* _SUPPLIED INFORMATION_
▽
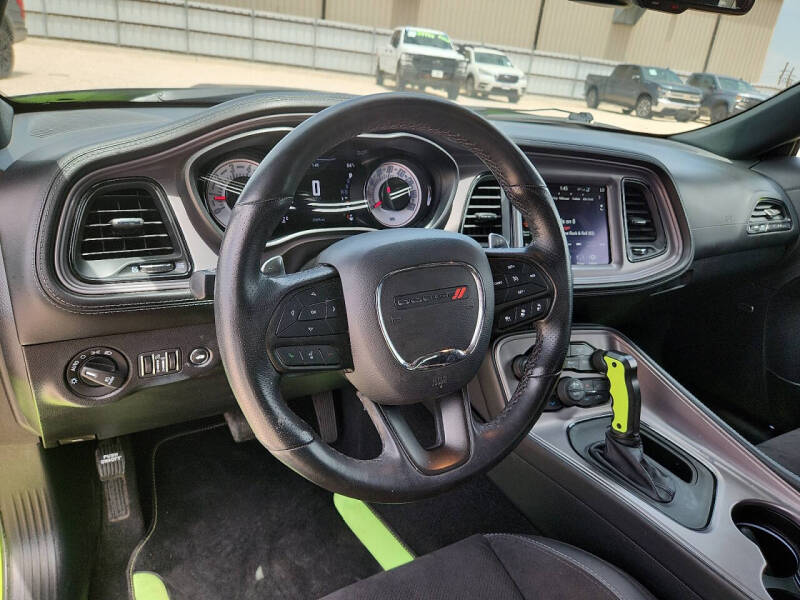 2023 Dodge Challenger R/T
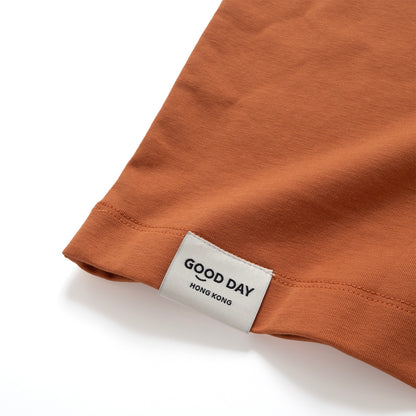 (ZT1929) Cha Chaan Teng Cool Touch Tee
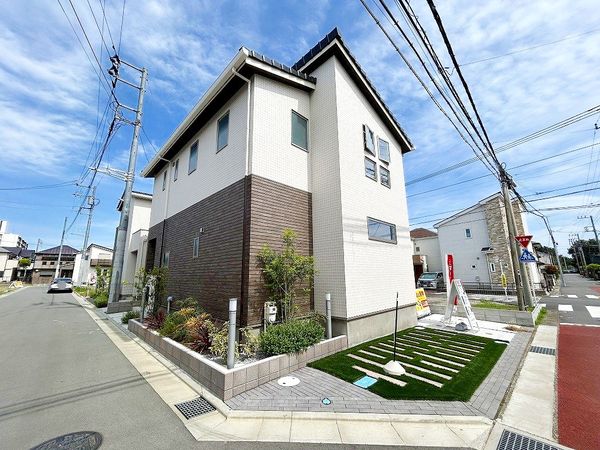 平塚市菫平 戸建 33号棟 外観 平塚市菫平 戸建 33号棟 外観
△
Restate the data word for word, minus any images.

* _RESPONSE BELOW_
 2023 Dodge Challenger R/T
 (ZT1929) Cha Chaan Teng Cool Touch Tee
 平塚市菫平 戸建 33号棟 外観 平塚市菫平 戸建 33号棟 外観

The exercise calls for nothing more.